— The data —
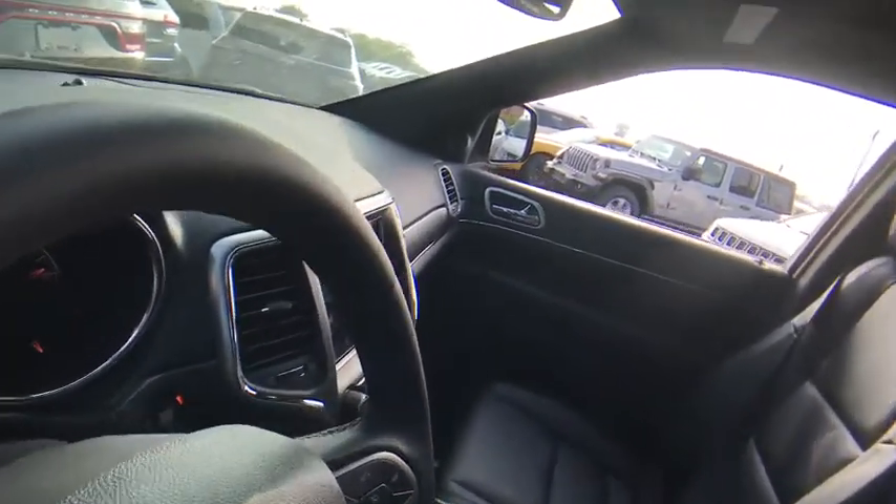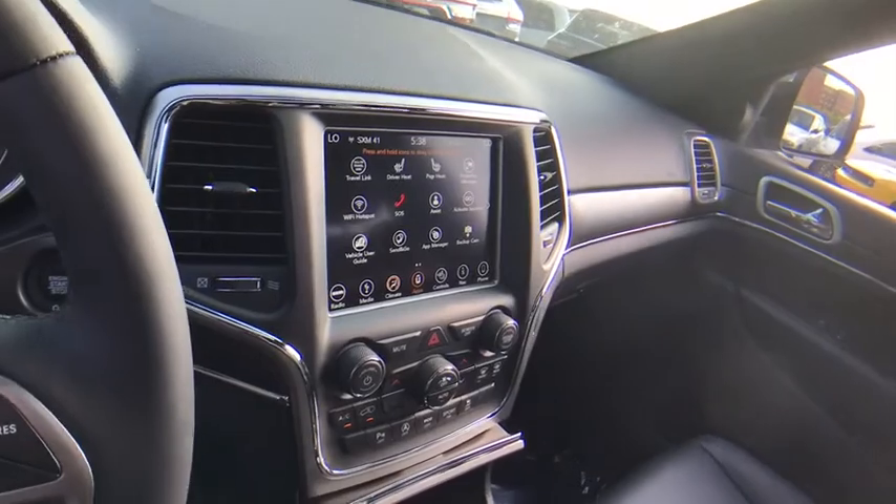Searching for a dependable vehicle that looks great too? You found it, so stop in today!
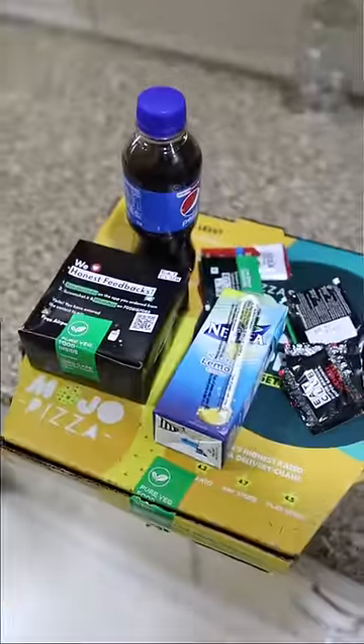Guys, today I ordered a combo from Mojo Pizza and I have two 10-inch pizzas, and I ordered from the Eat Club App. I have got so many freebies!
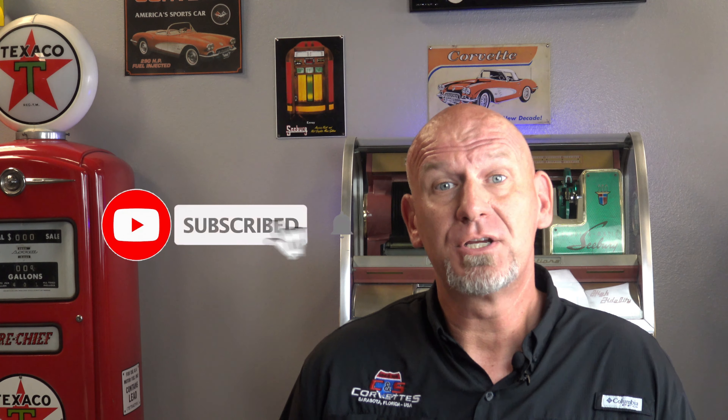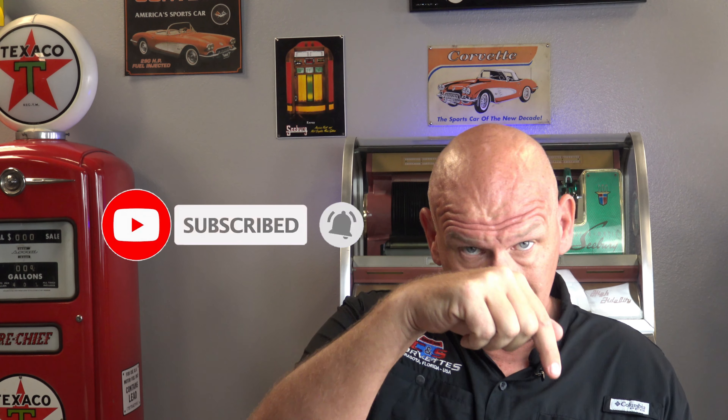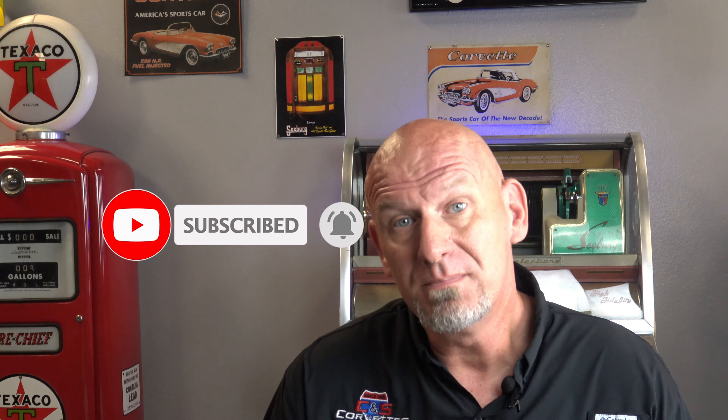Hello Corvette people. Lyle at CNS Corvettes here, and today I want to talk to you about something you can do for your car long term and for yourself that is going to provide you a real benefit. Before we do that though, please make sure to like and subscribe right down here, because that's the thing that allows me to keep doing what I do to help you guys learn about your Corvettes. Now let's get to it.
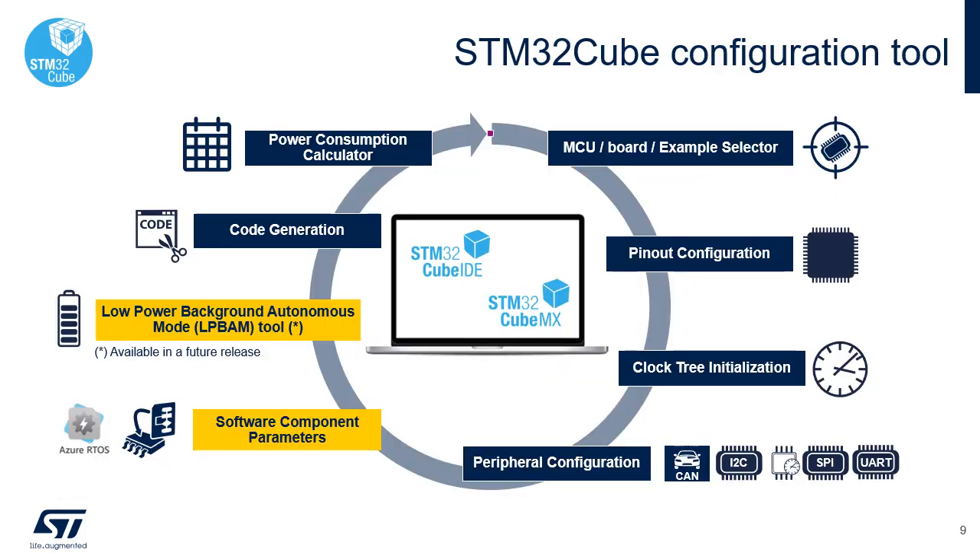STM32Cube MX allows you to browse STM32 MCUs or boards as well as software project examples and select one as a starting point. You can customize the MCU pinout configuration, tune the clock tree configuration, configure all STM32 system blocks and peripherals, add software components, or build your low-power scenarios for the Low Power Background Autonomous Mode, or LP-BAM. Then you can generate your code and project for your preferred IDE. Note that if you are using STM32Cube IDE, you can perform all these steps inside STM32Cube IDE without using STM32Cube MX.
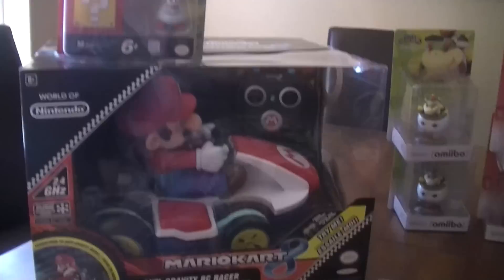And found some new merchandise. So overall, that is an awesome, awesome day. Thanks for watchin'.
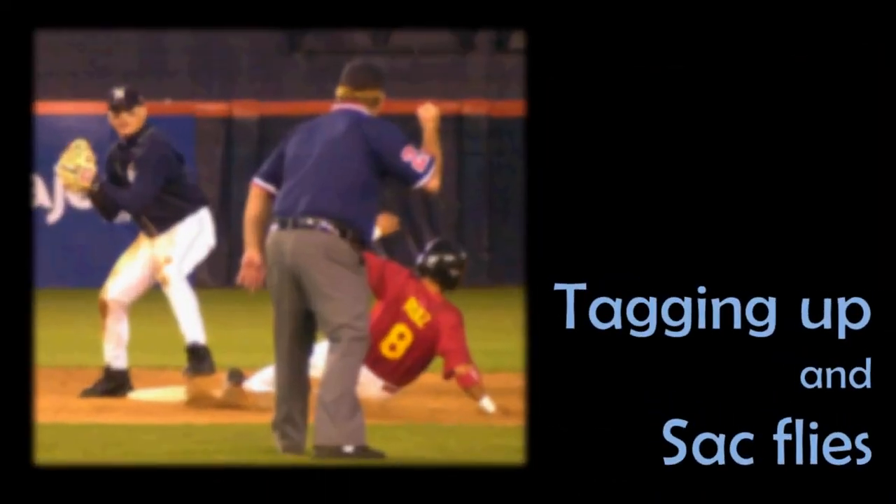Other than on ground balls in the infield, force outs can also come into play when there is a runner on base and the batter hits a fly ball. So let's take a look at how that works, and that will also lead us into a topic called the sacrifice fly.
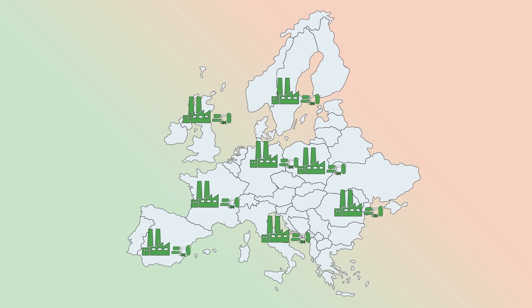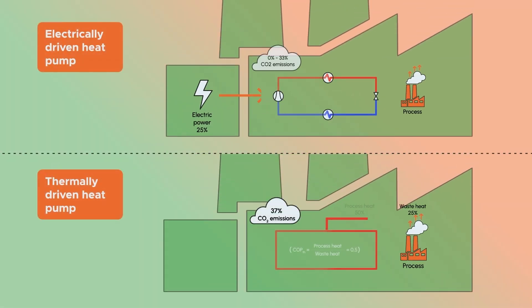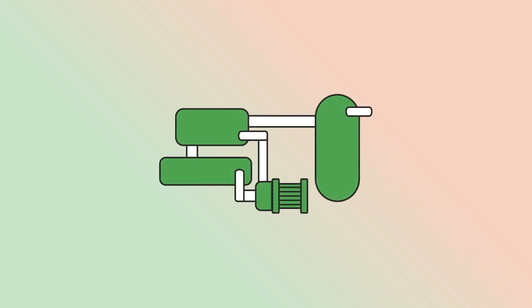High temperature heat pumps provide the opportunity to make use of significant shares of waste heat, revalorise it and feed it back into the process to substitute traditional heat production. Yet despite their potential,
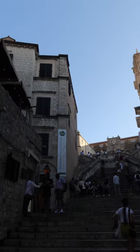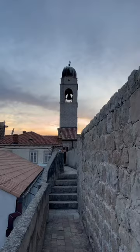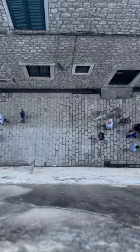Aside from wandering the beautiful, perfect UNESCO heritage listed old town, you really should do the city walls tour, which gets you up into the defensive walls.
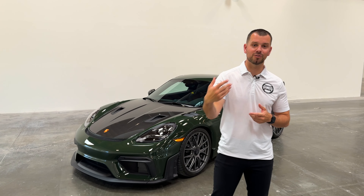I appreciate you guys watching this quick little video on the 718 GT4 RS and the moisture in the headlight and taillight. If you have any questions, leave them down in the comments below. I appreciate you guys watching. We'll see you in the next one — thanks for watching.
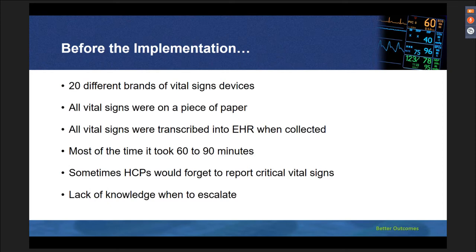Before the implementation of vital signs integration, we had 20 different brands of vital signs devices in our organization. All vital signs were written on a piece of paper and then transcribed into the electronic health record, or EHR. The timeframe for collecting and recording this data was around 60 to 90 minutes in total. Sometimes care providers would forget to report critical vital signs. The lack of knowledge of when to escalate and initiate a rapid response was a big issue, and there was a lack of mutual understanding about the patient's condition between the nurse and the physician.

— Task details —
Look above for the line containing "Hello Corvette people." and the line containing "STM32Cube MX allows", then reproduce both and everything between them exactly, pictures omitted.

— Written answer —
Hello Corvette people. Lyle at CNS Corvettes here, and today I want to talk to you about something you can do for your car long term and for yourself that is going to provide you a real benefit. Before we do that though, please make sure to like and subscribe right down here, because that's the thing that allows me to keep doing what I do to help you guys learn about your Corvettes. Now let's get to it.
STM32Cube MX allows you to browse STM32 MCUs or boards as well as software project examples and select one as a starting point. You can customize the MCU pinout configuration, tune the clock tree configuration, configure all STM32 system blocks and peripherals, add software components, or build your low-power scenarios for the Low Power Background Autonomous Mode, or LP-BAM. Then you can generate your code and project for your preferred IDE. Note that if you are using STM32Cube IDE, you can perform all these steps inside STM32Cube IDE without using STM32Cube MX.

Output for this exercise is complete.